The 3 agents used to treat acute rejection are (1) steroids, (2) antithymocyte globulin, and (3) muromonab-CD3.

  • Steroids: These agents are the mainstay of therapy for acute rejection episodes, preventing release of IL-1 by macrophages and blocking synthesis of IL-2 by helper T cells. Steroids also have anti-inflammatory properties. The typical dosage is 3-5 mg/kg/d for 3-5 days, which is then tapered to a maintenance dose. Steroids reverse 60-75% of rejection episodes.

  • Antithymocyte globulin: This agent binds all circulating T and B lymphocytes, which are then lysed or phagocytosed by the reticuloendothelial system. Antithymocyte globulin has efficacy similar to that of muromonab-CD3. It is reserved for steroid-resistant acute rejection secondary to cost, toxicity, and the development of drug antibodies.

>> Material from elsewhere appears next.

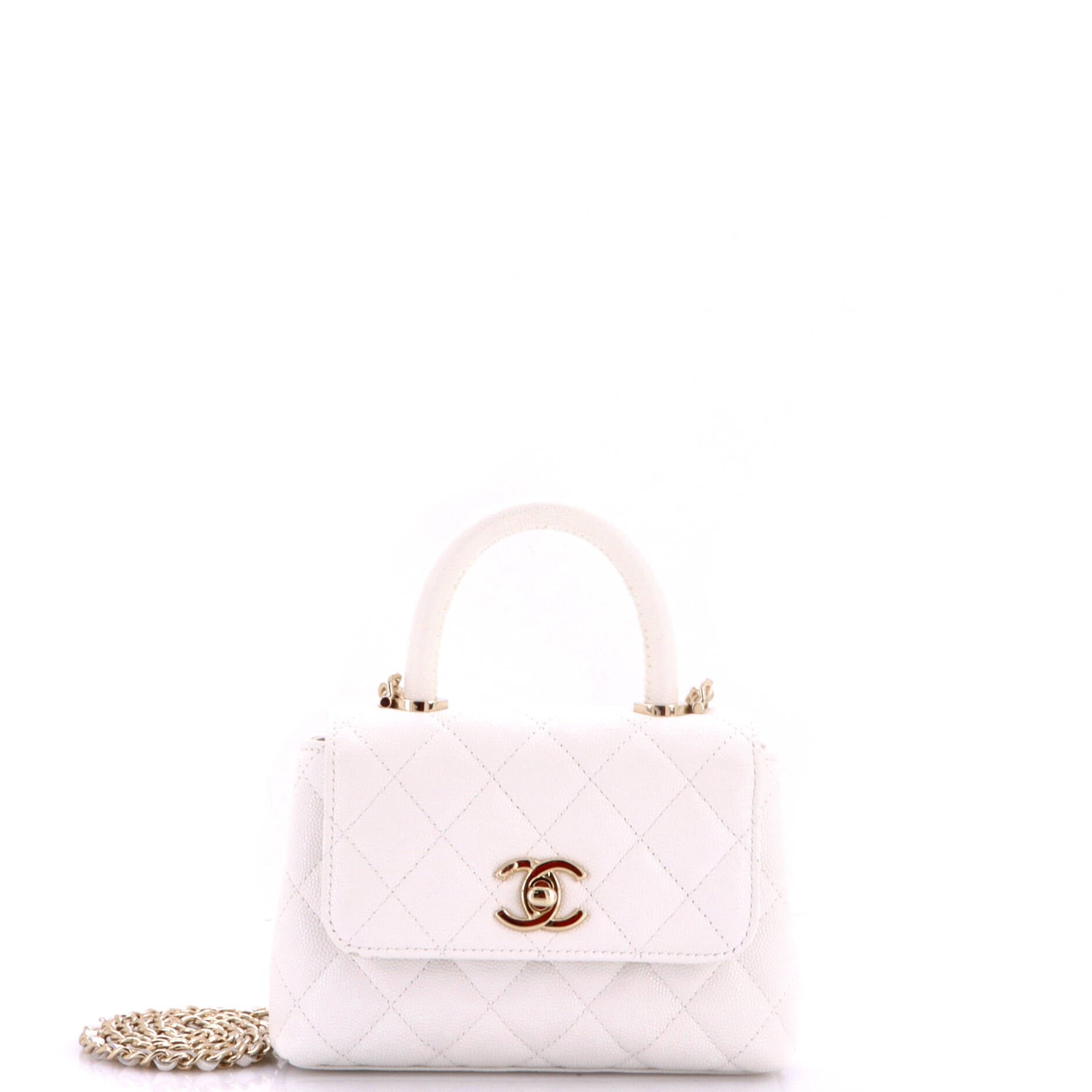 Coco Top Handle Clutch with Chain Quilted Caviar Mini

  • Muromonab-CD3: This agent displaces the T3 molecule from antigen receptors, captures all mature T cells, and prevents alloantigen recognition. The reversal rate of first acute rejection episodes is 94%. Muromonab-CD3 is sometimes used as the first-line agent for severe vascular rejections. The development of human antimurine antibodies allows for the reappearance of CD3 T cells, which may decrease the efficacy of muromonab-CD3 and necessitate higher doses (increasing risk of infection). A second course of muromonab-CD3 may be given for recurrent rejection, although repeat treatment may be associated with complications from the development of antimouse antibodies. The success rate in recurrent episodes is approximately 40-50%.